* **ASSIGNMENT**: Reproduce every line of the material below exactly. No pictures belong in the copy.

* **INFORMATION SHOWN**:
-----
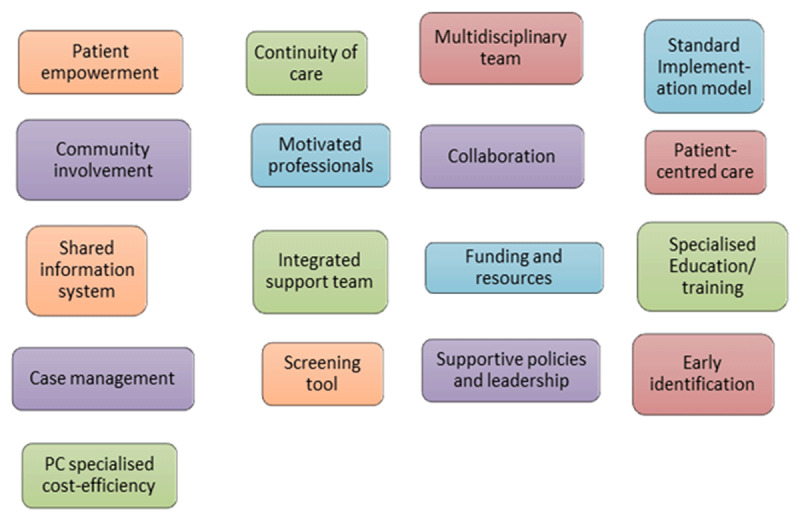 Flowchart illustrates essential aspect of integrated care in a palliative care sytem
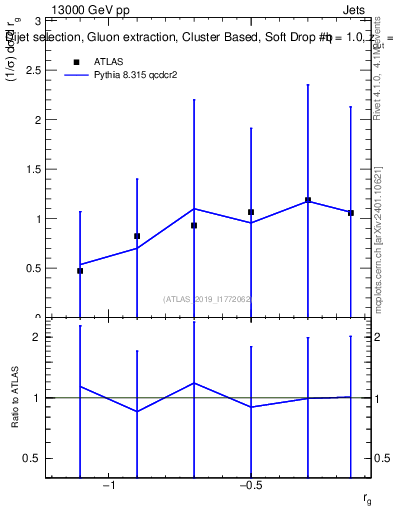 Plot of softdrop.rg in 13000 GeV pp collisions
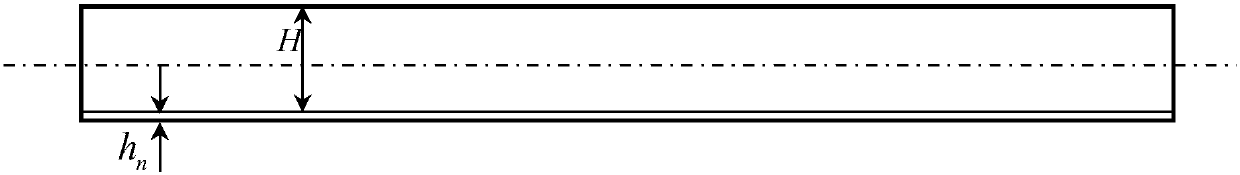 Method for measuring residual stress on surface of milling part based on strain change and inverse inference method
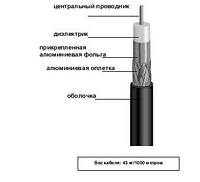 Кабель коаксиальный FinMark F660 BVF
-----
* **SOLUTION FOR THIS PROBLEM**:
 Flowchart illustrates essential aspect of integrated care in a palliative care sytem
 Plot of softdrop.rg in 13000 GeV pp collisions
 Method for measuring residual stress on surface of milling part based on strain change and inverse inference method
 Кабель коаксиальный FinMark F660 BVF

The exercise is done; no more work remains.